Non ci sono murature, pavimentazioni, nulla che potrebbe resistere se esposto all’aria. La soluzione migliore, in questi casi, è proprio di asportare i ritrovamenti, consolidarli, e conservarli nei luoghi deputati, cosa che di fatto permette anche di studiarle, dispiegando tutte le metodiche previste in casi di questo genere. Per la preistoria non disponiamo infatti di fonti scritte e tutto ciò che possiamo apprendere su queste epoche è, in ultima istanza, ciò che possiamo ricavare attraverso l’archeologia e le scienze applicate ad essa.
Parlava di pluristratificazione. Ci spiega meglio?
Sì, il contesto è pluristratificato. Ci sono più fasi cronologiche, oltre a quella del Rame. Un’altra fase, sempre di natura funeraria, è inquadrabile in età tardo antica o altomedievale. La struttura, di laterizi romani di reimpiego, fa supporre che il contesto cronologico sia quello. Qui abbiamo ritrovato solo resti scheletrici che indicano si trattasse di tombe riutilizzate più volte nel corso degli anni, perché ci sono più individui all’interno. La pratica era a volte in uso nell’età altomedievale, in quanto era un modo di rimarcare i legami che intercorrevano tra i defunti, che magari erano parenti. Anche la struttura delle tombe è stata defunzionalizzata e riutilizzata in epoca successiva, perché parte del perimetro risulta mancante.

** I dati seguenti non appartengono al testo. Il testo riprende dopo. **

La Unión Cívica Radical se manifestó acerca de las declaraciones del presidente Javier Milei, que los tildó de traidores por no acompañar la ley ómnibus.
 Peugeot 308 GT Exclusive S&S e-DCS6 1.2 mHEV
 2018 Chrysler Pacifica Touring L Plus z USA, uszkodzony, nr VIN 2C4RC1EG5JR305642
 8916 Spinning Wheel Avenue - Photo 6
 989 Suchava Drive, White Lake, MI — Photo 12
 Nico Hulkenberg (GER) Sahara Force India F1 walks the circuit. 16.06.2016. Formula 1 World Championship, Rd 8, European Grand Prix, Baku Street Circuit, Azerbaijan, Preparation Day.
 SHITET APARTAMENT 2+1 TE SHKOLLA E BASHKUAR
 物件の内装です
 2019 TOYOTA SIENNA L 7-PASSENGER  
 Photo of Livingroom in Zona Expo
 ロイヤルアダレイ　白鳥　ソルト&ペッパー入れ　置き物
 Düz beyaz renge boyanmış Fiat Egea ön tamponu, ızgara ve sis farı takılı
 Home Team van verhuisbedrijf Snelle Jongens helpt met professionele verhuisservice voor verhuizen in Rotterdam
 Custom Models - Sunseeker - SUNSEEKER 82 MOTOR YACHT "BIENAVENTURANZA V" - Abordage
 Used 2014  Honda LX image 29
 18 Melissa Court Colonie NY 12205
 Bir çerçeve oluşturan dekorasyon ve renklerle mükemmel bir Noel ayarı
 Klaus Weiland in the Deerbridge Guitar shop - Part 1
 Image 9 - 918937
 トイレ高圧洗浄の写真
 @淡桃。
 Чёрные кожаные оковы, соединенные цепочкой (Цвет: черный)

Sempre di età medievale abbiamo rinvenuto una serie di buche di palo. Sono necessari ulteriori studi ma, trattandosi di pali in materiali deperibili, riteniamo che possa probabilmente trattarsi di elementi di edilizia residenziale o simili. C’è anche una serie di fosse di grandi dimensioni, che potrebbero essere state utilizzate come pozzi o come cave di sabbia. In queste ultime non ci sono elementi datanti. Potrebbe poi trattarsi di un’altra fase, pertinente a una età intermedia tra l’una e l’altra, oppure successiva. Questo punto verrà chiarito in fase di studio.
Ha detto che il vostro intervento è di “assistenza” agli scavi del Comune. Come funzionano i meccanismi di finanziamento delle campagne di scavo?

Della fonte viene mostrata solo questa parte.